Mergers are a lot of hard work and can be risky so why do companies do it? Well one reason is to increase their market power in a particular industry; benefits can also come in the form of “synergies” between the two different firms. Naturally average costs decline with a larger size and there can be an automatic increase in capacity utilization. Something all firms have to look at prior to a merger decision is whether a supplier is still producing products cheaper than a merger could produce, so must choose between internal or external production to enhance profitability.

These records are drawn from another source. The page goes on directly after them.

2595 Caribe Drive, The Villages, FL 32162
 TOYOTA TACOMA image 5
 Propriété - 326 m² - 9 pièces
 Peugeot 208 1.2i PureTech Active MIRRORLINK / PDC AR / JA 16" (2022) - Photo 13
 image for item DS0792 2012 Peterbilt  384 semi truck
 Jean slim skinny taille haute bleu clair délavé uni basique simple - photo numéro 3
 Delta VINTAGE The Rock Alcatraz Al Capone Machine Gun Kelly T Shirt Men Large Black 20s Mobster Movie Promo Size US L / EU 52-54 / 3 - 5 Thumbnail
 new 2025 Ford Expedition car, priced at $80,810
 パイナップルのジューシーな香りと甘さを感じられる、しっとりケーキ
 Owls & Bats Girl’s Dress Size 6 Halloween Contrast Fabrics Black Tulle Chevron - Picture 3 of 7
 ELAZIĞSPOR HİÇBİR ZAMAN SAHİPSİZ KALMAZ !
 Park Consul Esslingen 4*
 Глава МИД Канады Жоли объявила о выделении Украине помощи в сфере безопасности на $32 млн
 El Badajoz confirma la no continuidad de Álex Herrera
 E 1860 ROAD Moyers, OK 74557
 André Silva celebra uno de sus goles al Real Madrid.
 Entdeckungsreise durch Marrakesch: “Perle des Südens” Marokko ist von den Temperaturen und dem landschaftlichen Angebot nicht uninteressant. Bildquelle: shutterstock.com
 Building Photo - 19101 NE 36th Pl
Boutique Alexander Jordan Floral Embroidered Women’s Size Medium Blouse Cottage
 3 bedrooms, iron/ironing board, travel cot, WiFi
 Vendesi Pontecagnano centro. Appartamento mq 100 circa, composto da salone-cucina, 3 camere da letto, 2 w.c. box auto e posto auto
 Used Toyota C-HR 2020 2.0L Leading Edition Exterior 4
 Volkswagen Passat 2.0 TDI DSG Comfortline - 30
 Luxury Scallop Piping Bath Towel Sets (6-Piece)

Not all merger decisions are based purely on what makes business sense. There are also good reasons why senior managers would like to push through a merger. Being at the top of a larger company will increase a manager’s status and power and will no doubt come with a hefty pay rise. There’s also the excitement of being involved with the merger itself which can bring a great feeling of importance and emphasis a manager’s position within an organisation.

Many companies will be worried about survival and so overtaking smaller firms in a bid to increase size so that they cannot be taken over is a popular tactic.

What’s in it for shareholders?

In 1983 Jensen and Ruback conducted a survey based on US studies to gain an understanding on the average effect on share price when mergers and acquisitions take place. Interestingly the target company does very well out of a successful merger whereas there is little or no impact on the acquiring company. Looking at unsuccessful mergers, if it is a takeover then the acquiring company feels the least effect and the other way round if it is a merger. However, the share price isn’t substantially affected for either party.








It’s not just after a merger that changes in share price can happen, even talk of mergers can have a substantial impact on share price. Take for example, the news that Stryker may make a bid for Smith & Nephew, the news broke on the 24th December and within a day the price went up 7.7%, peaking as high as 10% in the morning. However, looking at Stryker’s share price there was little movement at all, less than 1%. This supports the theory that mergers and acquisitions are seen as better news for the target’s shareholders than the acquirer.
I believe that there is so much competition in every industry that mergers and acquisitions will always be a popular option for companies. Like I mentioned earlier, in many cases it is to grow so that the company is not taken over itself. Over coming years as the markets continue to rise, so will M&A activity and particulary on a global scale as companies try to extend their reach across the world.